Juristas
denunciam FHC por
crime de responsabilidade
O jurista Dalmo Dallari,
ex-diretor e professor titular da Faculdade de Direito da USP,
apresentou denúncia contra FHC por crime de responsabilidade,
que, se for acatada pela Câmara dos Deputados, pode resultar em
processo de impedimento. Junto com os também juristas Fábio
Konder Comparato, Godofredo da Silva Telles Jr., Celso Antônio
Bandeira e Paulo Bonavides, Dallari quer saber por que o
presidente liberou recursos da União para vinte deputados
retirarem as assinaturas do requerimento pela instalação da CPI
da Corrupção, e, em entrevista ao PÚBLICO, justifica a sua
iniciativa alegando que a atitude de FHC desrespeita a Constituição
e a Lei.
PÚBLICO. O que os motivou a
apresentar a denúncia contra FHC?
Dalmo Dallari. Nós todos vimos, pela
imprensa, que o governo federal negociou com vinte deputados
federais a retirada das suas assinaturas do requerimento pela
instalação da CPI da Corrupção, oferecendo em troca a liberação
de recursos orçamentários para os seus respectivos redutos
eleitorais. Além de se tratar de um procedimento condenável, sob
o ponto de vista ético, essa atitude constitui um grande
desrespeito à Constituição Federal e à Lei, uma vez que, com
isso, o presidente da República interfere diretamente na
autonomia de um dos três poderes constituídos — no caso, a do
legislativo federal.
P. Mas FHC alega que a ação se
baseia em noticiários jornalísticos...
DD. Ele teria razão se a informação
fosse isolada, mas, afora a liberação de verbas ter sido notícia
na imprensa, na Internet, vê-se que ela ocorreu justamente às vésperas
da apresentação do pedido de instalação da CPI.
P. Em que pé está a denúncia por
crime de responsabilidade? DD. A Lei n.o 1.079, de 10 de abril de
1950, que trata dessa questão, e o Regimento Interno da Câmara
dos Deputados dizem que essa denúncia deve ser apresentada à
mesa diretora da casa, e o seu presidente — no caso, o deputado
federal Aécio Neves (PSDB-MG) — deve apresentar um parecer, que
tanto pode recomendar pelo arquivamento da denúncia quanto pela
abertura do processo no Plenário da Câmara; no entanto, qualquer
que seja a sua decisão, ela é passível de recurso ao Plenário.

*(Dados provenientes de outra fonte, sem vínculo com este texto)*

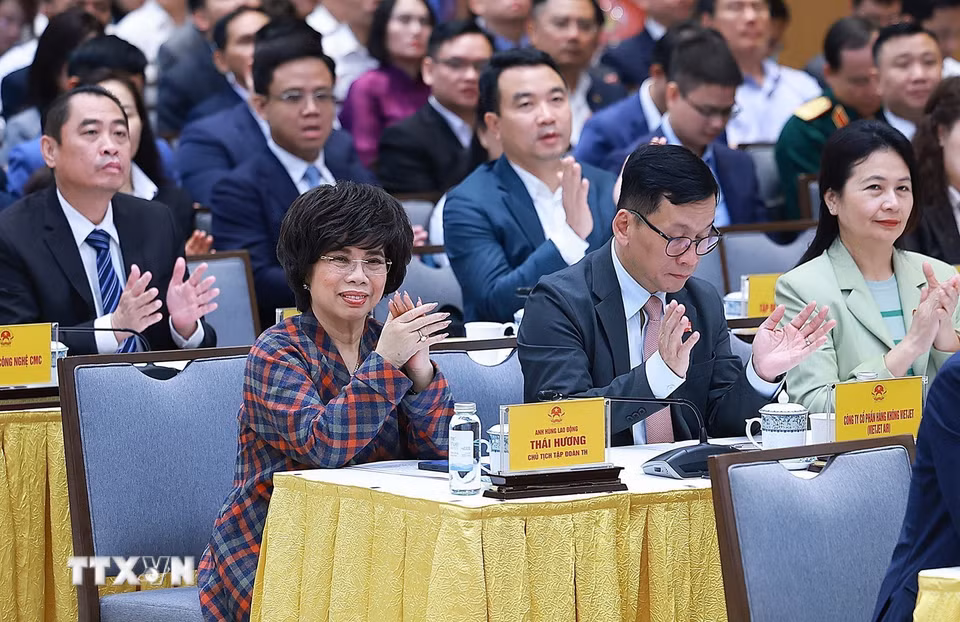 Các đại biểu dự Hội nghị Doanh nghiệp góp phần vào tăng trưởng hai con số. (Ảnh: Dương Giang/TTXVN)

Como o deputado deu parecer favorável ao arquivamento da denúncia,
já apresentamos um recurso contra a decisão, que deverá ser
discutido e votado pelo conjunto dos deputados.
P. Ainda na aprovação da emenda
da reeleição, na qual tinha interesse direto, FHC não foi
acusado de utilizar o mesmo expediente?
DD. Sim. Na época, a imprensa
denunciou alguns deputados e o valor das negociações; o PFL
expulsou dois deputados e Sérgio Motta, então ministro das
Comunicações, foi identificado como principal articulador.
P. FHC, a todo momento, interfere
na autonomia dos demais poderes: no Legislativo, comprando votos e
abusando de medidas provisórias; no Judiciário, o Supremo
Tribunal Federal não contribui para isso?
DD. A nossa suprema corte, é verdade,
tem contribuído para isso, e por diferentes razões. Uma delas é
o fato de, na casa, haver um ministro — Nelson Jobim, que foi
deputado federal pelo PMDB do Rio Grande do Sul — que se
comporta como se o papel que lhe coubesse fosse o de líder do
governo no STF. Há processos que não interessa ao Executivo
federal que sejam votados e que, justamente em virtude dos pedidos
de vistas desse ministro, estão há três anos em tramitação.
P. O presidente, além de revelar
desrespeito à Lei, não revela, também, um abandono dos princípios
que formaram o sociólogo FHC?
DD. As atitudes demonstram isso de
forma definitiva. É por isso que o seu governo ostenta baixos índices
de popularidade e que, dificilmente, o seu partido vai ter sucesso
nas próximas eleições.
P. O fato do servidor público
federal estar há sete anos sem reajuste mostra que o governo não
se preocupa com as demandas sociais?
DD. A política resulta do acordo do
governo com o FMI — que também desrespeita as normas, pois a
Constituição exige que seja aprovado pelo Congresso — e
evidencia o seu descompromisso com o cidadão.